Pictures are to be left out; otherwise, copy exactly the lines from the line containing "Aerial view of" through the end of the data.

> EXTRACTED ENTRIES:

---

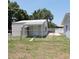 Exterior view of building with metal roof, chain-link fence, door and small concrete patio area at 1160 Rolling Acres Dr, Deland, FL 32720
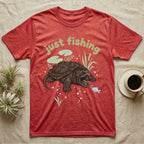 Alligator Snapping Turtle Softie T-Shirt in Heather Red — Alligator snapping turtle with open mouth and tongue lure under a puffy pastel "just fishing" bubble wordmark.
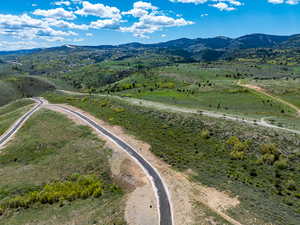 Aerial view of sparsely populated area with a mountain backdrop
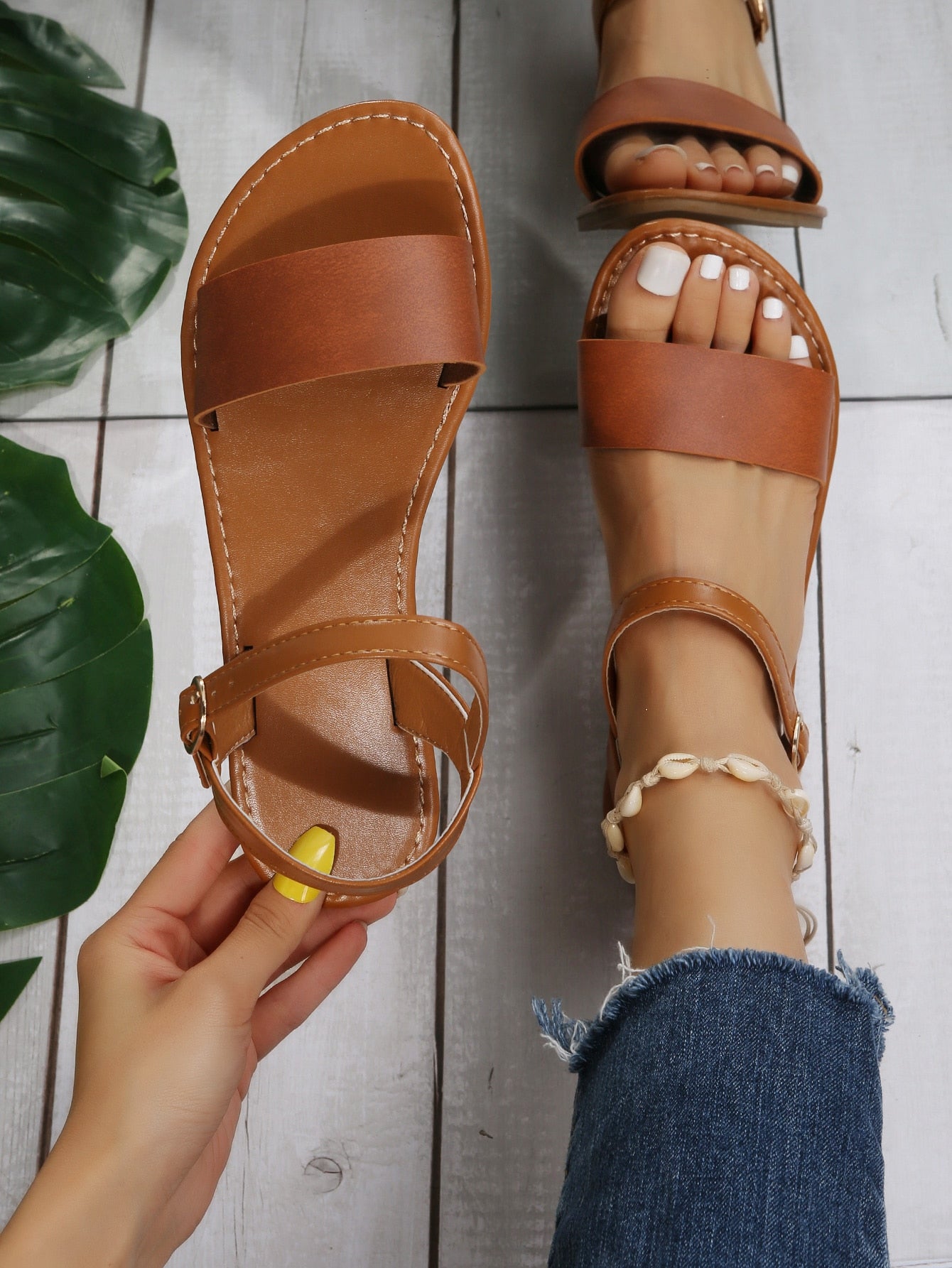 Leopard print flat sandals featuring an ankle strap with buckle detail, open toe design, and slide-style silhouette.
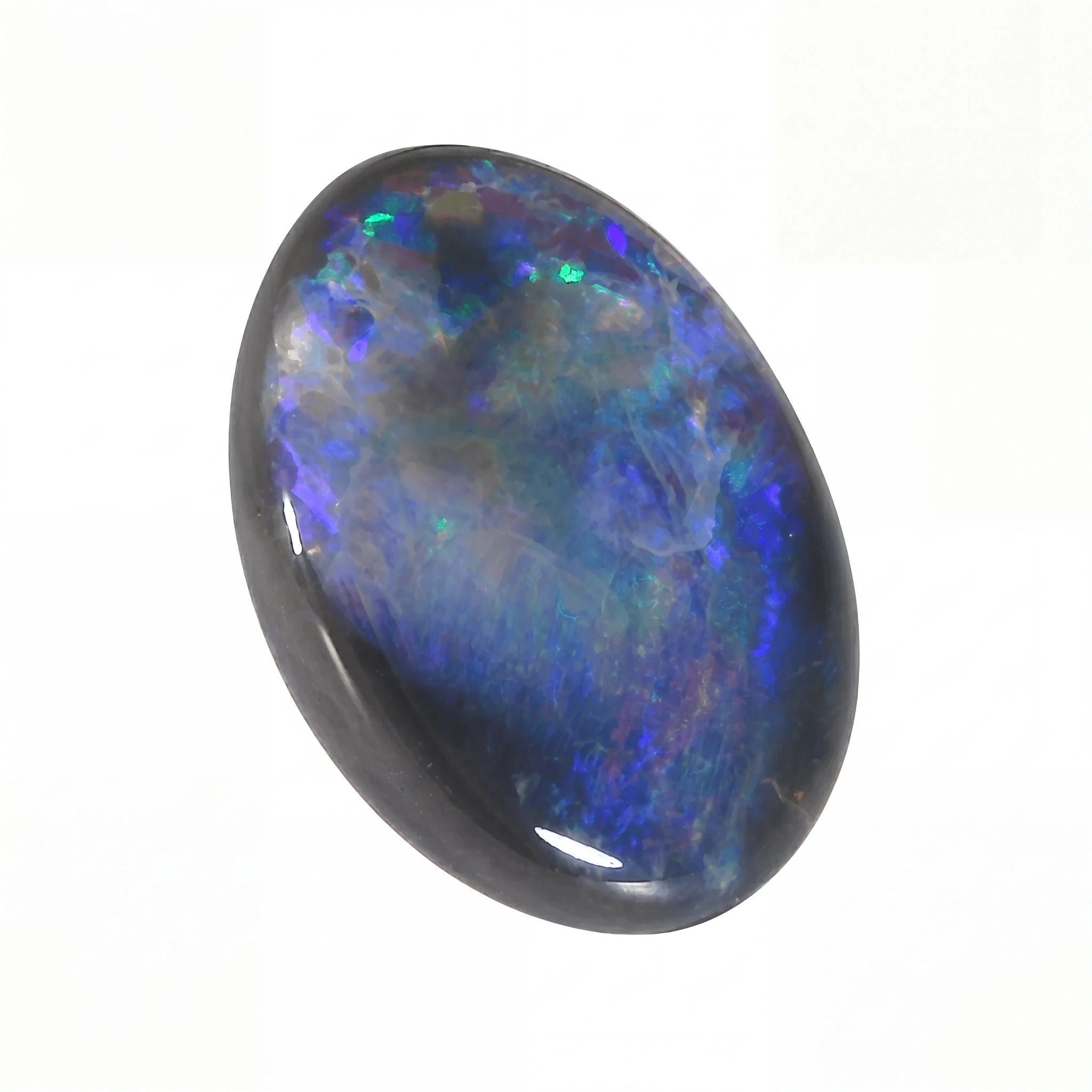 Oval-shaped opal stone with multicoloured play of light on a white background
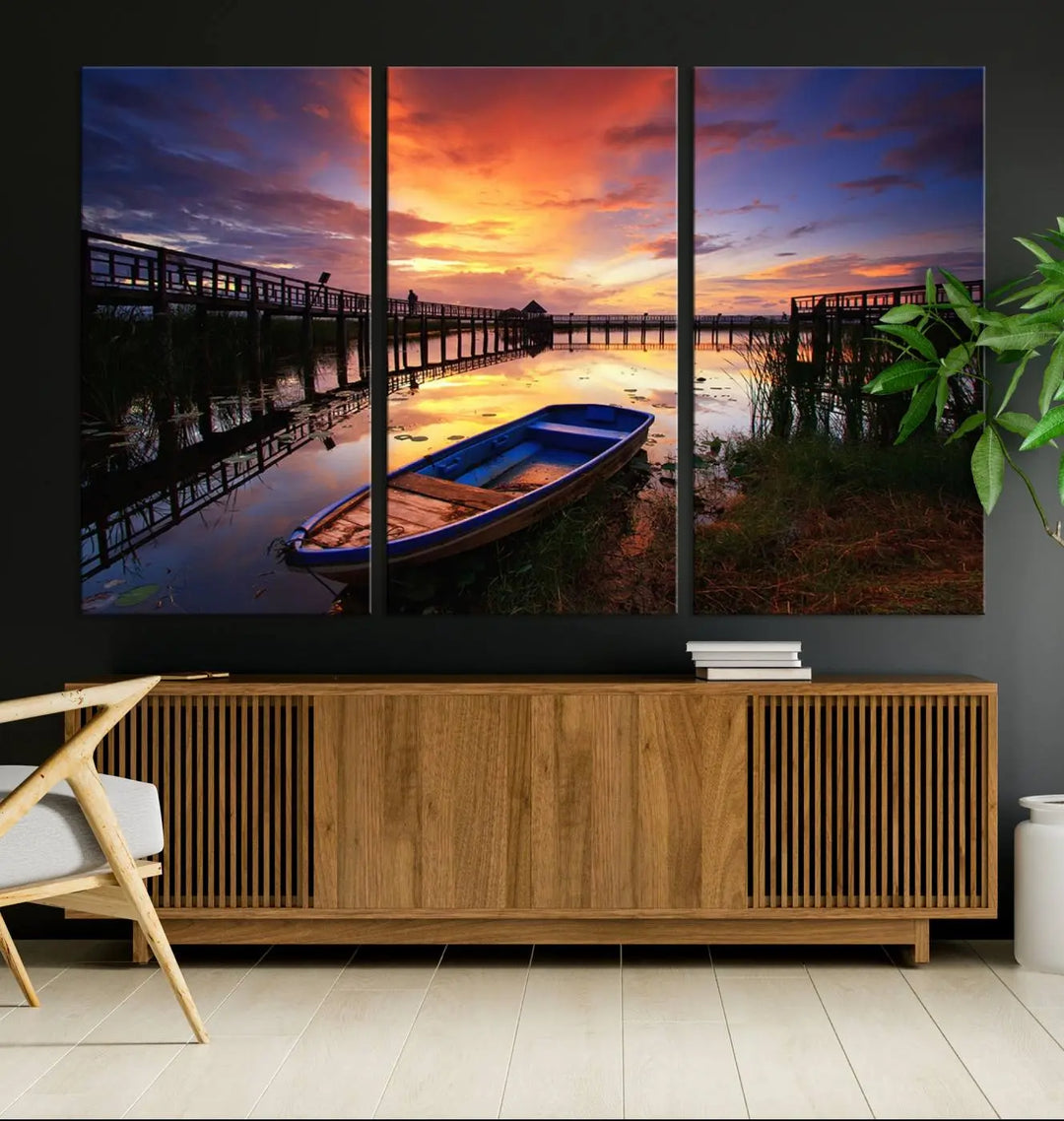 The "Sunset Boat Scene on Lake Triptych" beautifully captures a vibrant sunset over a calm lake. This tranquil scene, featuring serene reflections and surrounded by reeds, is printed on premium giclee canvas with Canon print quality. The gallery wrap design enhances every detail of tranquility.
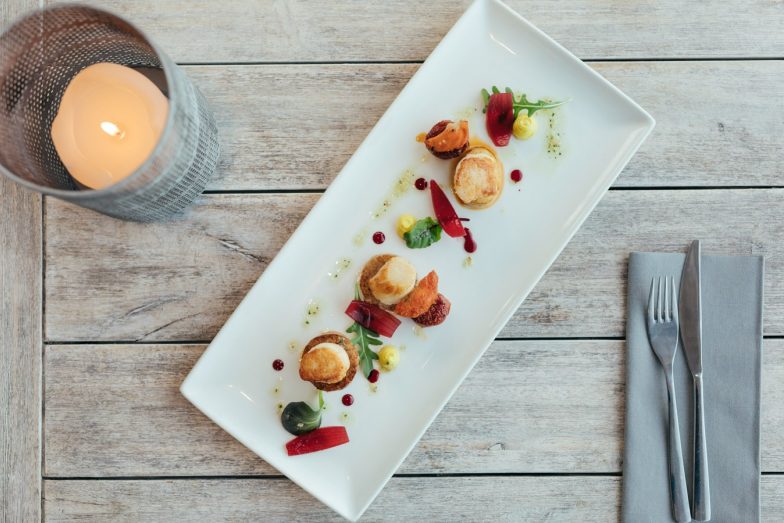 Rectangular plate of scallops from above.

---

> TASK RESULT:
 Aerial view of sparsely populated area with a mountain backdrop
 Leopard print flat sandals featuring an ankle strap with buckle detail, open toe design, and slide-style silhouette.
 Oval-shaped opal stone with multicoloured play of light on a white background
 The "Sunset Boat Scene on Lake Triptych" beautifully captures a vibrant sunset over a calm lake. This tranquil scene, featuring serene reflections and surrounded by reeds, is printed on premium giclee canvas with Canon print quality. The gallery wrap design enhances every detail of tranquility.
 Rectangular plate of scallops from above.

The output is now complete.